Trump Says Russians Didn’t Help Him Win. His Intelligence Agencies Say Yes They Did.
US President Donald Trump (R)and Russian President Vladimir Putin hold a meeting on the sidelines of the G20 Summit in Hamburg, Germany, July 7, 2017. / AFP PHOTO / SAUL LOEB (Photo credit should read SAUL LOEB/AFP/Getty Images)
SAUL LOEB via Getty Images
US President Donald Trump (R)and Russian President Vladimir Putin hold a meeting on the sidelines of the G20 Summit in Hamburg, Germany, July 7, 2017. / AFP PHOTO / SAUL LOEB (Photo credit should read SAUL LOEB/AFP/Getty Images)
President Donald Trump speaks to supporters during a rally for Sen. Luther Strange at the Von Braun Centre in Huntsville, Alabama, on Friday.
Marvin Gentry / Reuters
President Donald Trump speaks to supporters during a rally for Sen. Luther Strange at the Von Braun Centre in Huntsville, Alabama, on Friday.

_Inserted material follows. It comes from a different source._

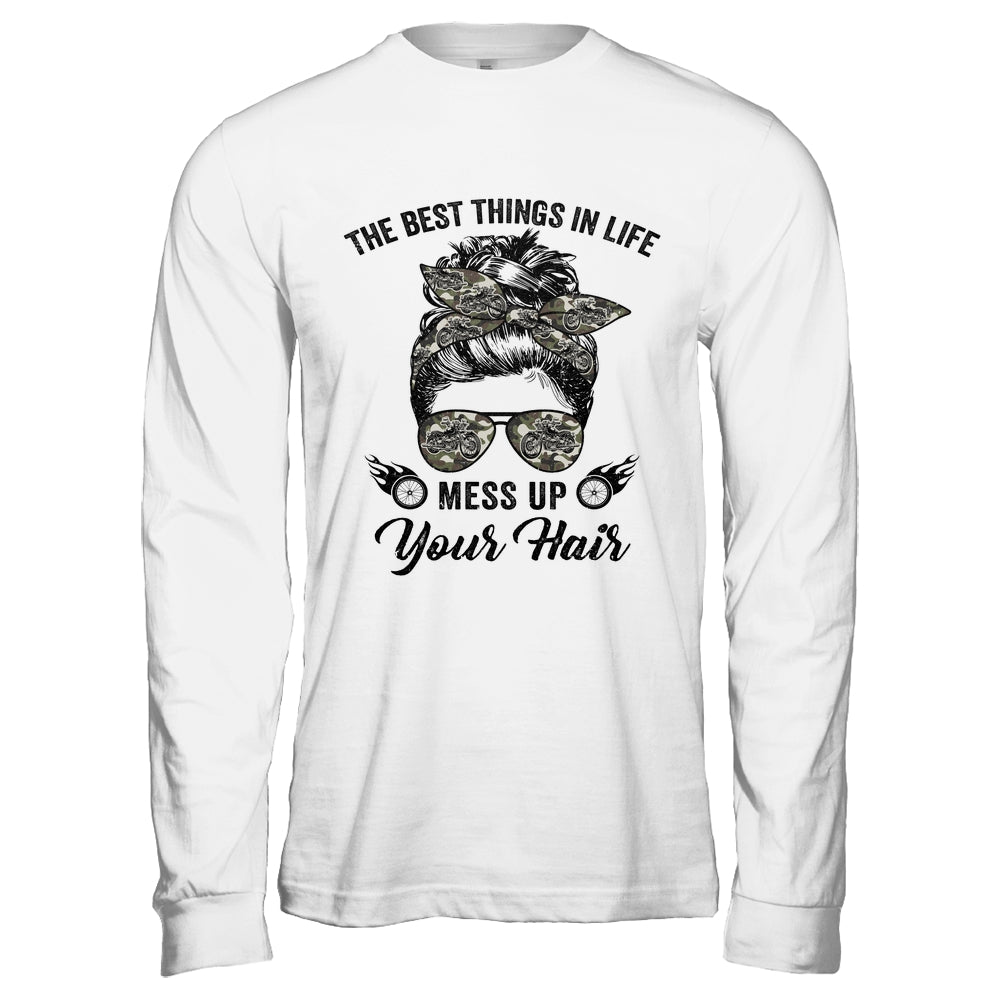 The Best Things In Life Mess Up Your Hair Motorcycle Shirt & Hoodie | siriusteestore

WASHINGTON ― Buried beneath the war President Donald Trump has launched against the NFL over protests during the national anthem is a new claim about Russian involvement in his election: that it did not help him at all.

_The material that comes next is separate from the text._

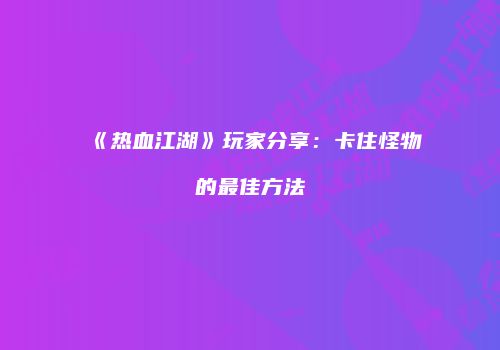 《热血江湖》玩家分享：卡住怪物的最佳方法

“And by the way, folks, just in case you’re, like, curious? No, Russia did not help me, OK?” Trump said at a political rally Friday evening in Huntsville, Alabama. “Russia. I call it the Russian hoax.”

In so doing, Trump is directly disputing a conclusion by U.S. intelligence agencies that Russia did precisely that. Justice Department special counsel Robert Mueller, as well as the intelligence committees in the House and Senate, are examining the scope of Russian assistance to Trump, and are further trying to determine whether the campaign colluded with that assistance.

Trump’s claim on Friday comes atop his renewed attempts to label the whole thing a “hoax.” In a statement he issued on Twitter the morning of the Alabama rally, Trump wrote: “The Russia hoax continues, now it’s ads on Facebook.”

“I find it troubling and frankly odd that the president has repeatedly denied that Russia was responsible for interference in the 2016 election ― even in the face of unanimous agreement among our nation’s intelligence agencies,” said Virginia Democrat Mark Warner, the ranking member on the Senate Intelligence Committee.

“What most worries me is that the president’s continued refusal to acknowledge the threat of foreign interference in our elections means that we currently have no ‘whole of government’ approach to ensuring that it never happens again,” Warner said. “That’s a charge that should be led from the White House, which so far has been completely disinterested in responding to and protecting our elections systems in the future.”

White House spokeswoman Lindsay Walters said the Russia story was being driven by Democrats as a way of undermining Trump’s “historic victory.”

“No one has ever alleged that any foreign interference efforts, whether from Russia, Ukraine or elsewhere, had any impact on vote tallies or changed the outcome in any way whatsoever,” she said.

Nevertheless, Trump’s latest attempt to downplay Russia’s role in the election goes beyond his previous assertions. Over time, those have included the idea that it could not be known who had interfered in the election – he has variously blamed a 400-pound person in his bed; someone in New Jersey; or some unknown country other than Russia – but that whoever it was, the meddling was not determinative. Friday appeared to be first time that the president flat-out claimed that Russia did not help him win.

U.S. intelligence agencies, however, plainly stated in a Jan. 6 report that not only did Russian leader Vladimir Putin interfere in the election, but that he also had a desired outcome.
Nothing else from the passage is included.